Add the Caribbean Hotel and Tourism Association (CHTA) to the list of tourism representatives that aren’t pleased with President Donald Trump’s proposed changes to Cuba travel policies.
The CHTA recently announced that it regrets the recent U.S. reversal of its travel policies on Cuba and the likely effects on the socio-economic development of Cuba and the wider Caribbean region.
According to a CHTA written release, the association continues to support the ending of the U.S.-Cuba embargo and its restrictions on trade and travel, and encourages Cuba's active engagement in regional economic development. In the statement, CHTA concludes that the announced policy changes could stall or altogether reverse the heartening progress made in recent years.
“If restrictions are indeed re-imposed, the association expects adverse effects for U.S. businesses - not only for import-export companies, but also for the U.S.-based travel-related businesses that have made considerable investments in Cuba since normalization began - and lost opportunities for those U.S. companies considering doing business there,” according to the statement.
The CHTA contends that even before full normalization, Cuba's hospitality industry's growth outpaced the rest of the region and most of the world. Major global hotel chains from outside the United States have been investing in Cuba and today they manage tens of thousands of rooms.

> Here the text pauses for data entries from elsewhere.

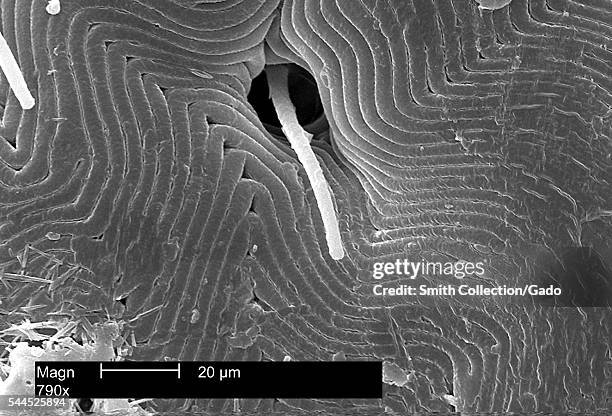 This scanning electron micrograph depicts a dorsal view of the back of an American dog tick, Dermacentor variabilis, magnified 790X, enabling you to...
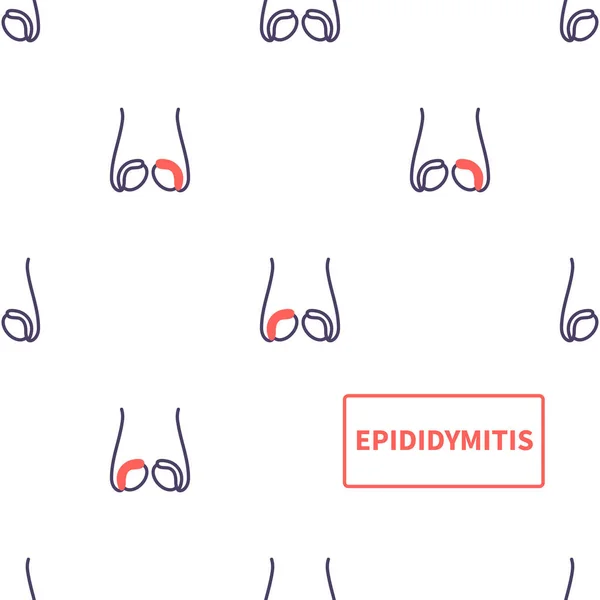 Epididymit Sjukdomskännedom Inflammation Testikelspolat Rör Testiklar Anatomi Diagram Mönster Manlig — Stock vektor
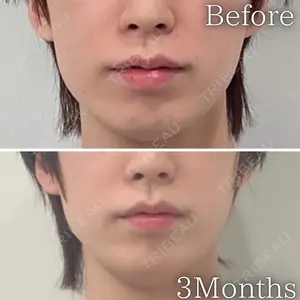 90 days after image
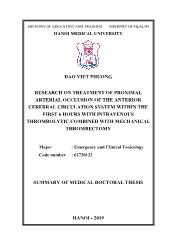 Research on treatment of proximal arterial occlusion of the anterior cerebral circulation system within the first 6 hours with intravenous thrombolytic combined with mechanical thrombectomy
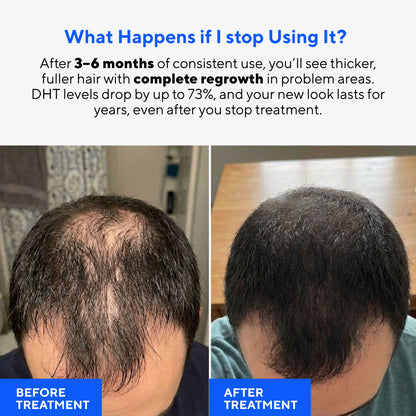 Glow Peptide Hair Regrowth System™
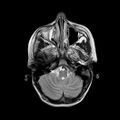 Cerebral abscess post cardiac surgery (Radiopaedia 27244-27420 Axial T2 4).jpg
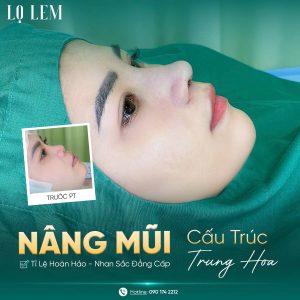 nâng mũi đẹp và an toàn tại Lọ Lem với cấu trúc Trung Hoa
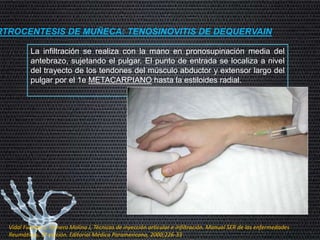 RTROCENTESIS DE MUÑECA: TENOSINOVITIS DE DEQUERVAIN
La infiltración se realiza con la mano en pronosupinación media del
antebrazo, sujetando el pulgar. El punto de entrada se localiza a nivel
del trayecto de los tendones del músculo abductor y extensor largo del
pulgar por el 1e METACARPIANO hasta la estiloides radial.
Vidal Fuentes J, Tornero Molina J, Técnicas de inyección articular e infiltración. Manual SER de las enfermedades
Reumáticas, 3ª edición. Editorial Médica Paramericana, 2000;226-33
 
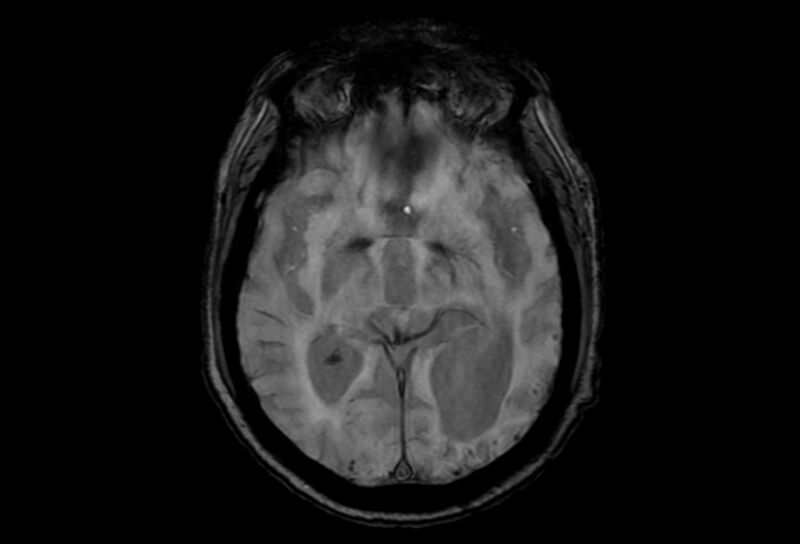 File:Cerebral amyloid angiopathy (Radiopaedia 86671-102792 Axial Gradient Echo 30).jpg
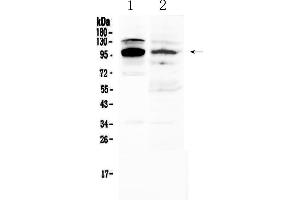 Western blot analysis of NFAT2 using anti-NFAT2 antibody . (NFATC1 anticorps  (AA 589-652))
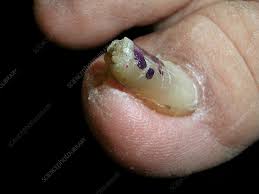 pincer nail deformity stock image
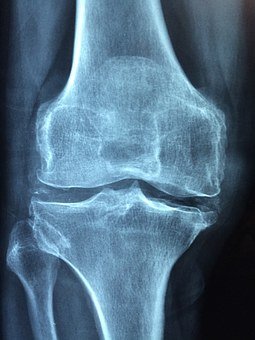 knee-1406964__340.jpg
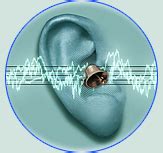 Tinnitus Relief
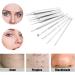 Pinkiou Blackhead Removers and Pimple Extractors Kit - 8-in-1 Skincare Tool for Face and Nose - Buy Online on SooperMarket.com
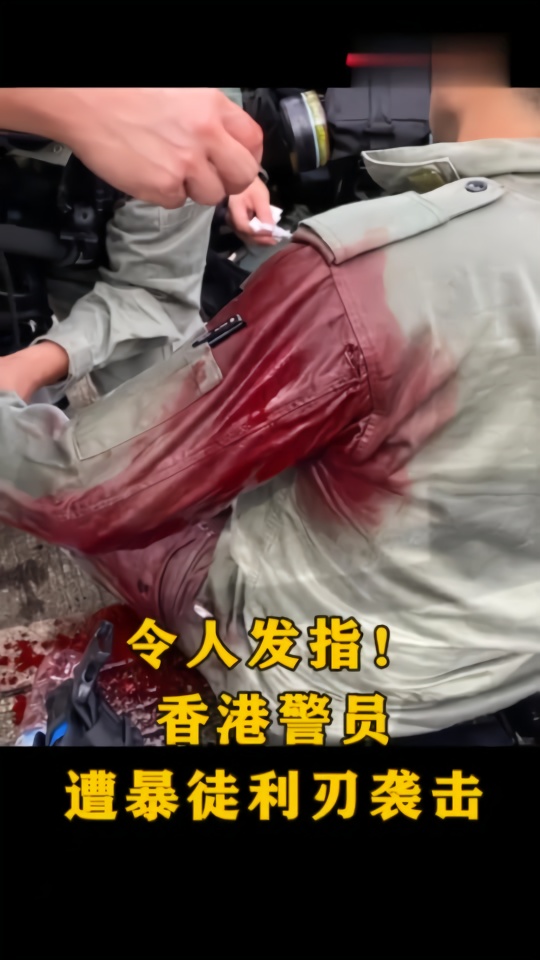 香港警员遭暴徒利刃袭击 警方：全力追凶绝不手软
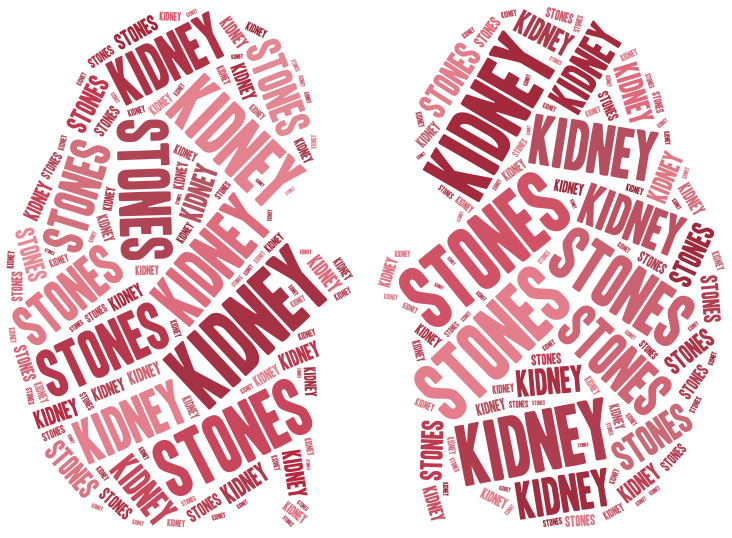 Kidney Doctor Jupiter FL - Learn more about symptoms of kidney stones, what causes kidney stones, and more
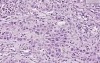Squamous cell carcinoma - Histopathology of skin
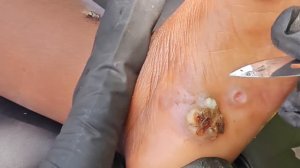 Little Daniel's jiggers - see long video @riseupsociety.net ($10 to subscribe)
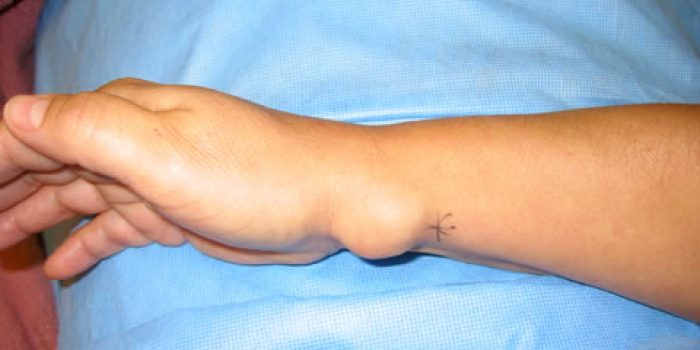 کیست استخوان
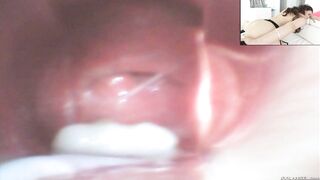 Casey Calvert gets her anus stretched with an anal speculum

As latecomers, U.S. firms are already at a competitive disadvantage in Cuba. They risk becoming marginal players in the travel industry's growth in Cuba and throughout the region, according to the association.

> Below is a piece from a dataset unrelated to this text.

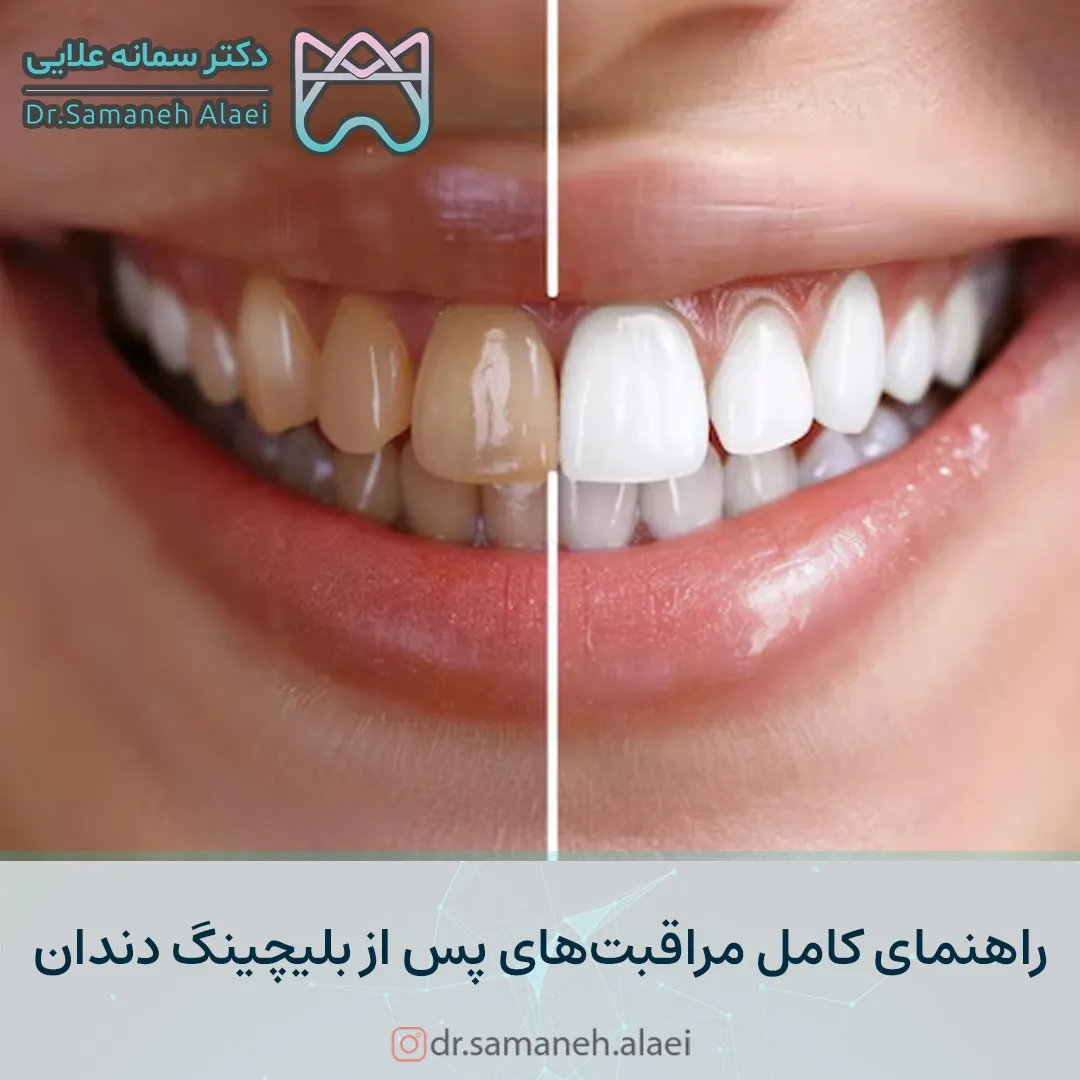 راهنمای کامل مراقبت های بعد از بلیچینگ دندان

The CHTA statement goes on to say that it “urges the United States and Cuba to accelerate cooperation and collaboration between their governments, based on their mutual acknowledgment that the growth of travel and trade presents the greatest opportunity for breaking the long-standing social, political and economic barriers that have historically divided the two countries.”
And the CHTA isn’t the only tourism entity that isn’t pleased with Trump’s Cuba proposals.
Earlier this week, Travel Agent brought you news that the World Tourism Organization (UNWTO) recently issued a statement denouncing President Donald Trump’s proposed plan to restore travel restrictions with Cuba.
The UNWTO Secretary-General, Taleb Rifai, said the decision represented "a step backward and a strong attack on the freedom of travel.”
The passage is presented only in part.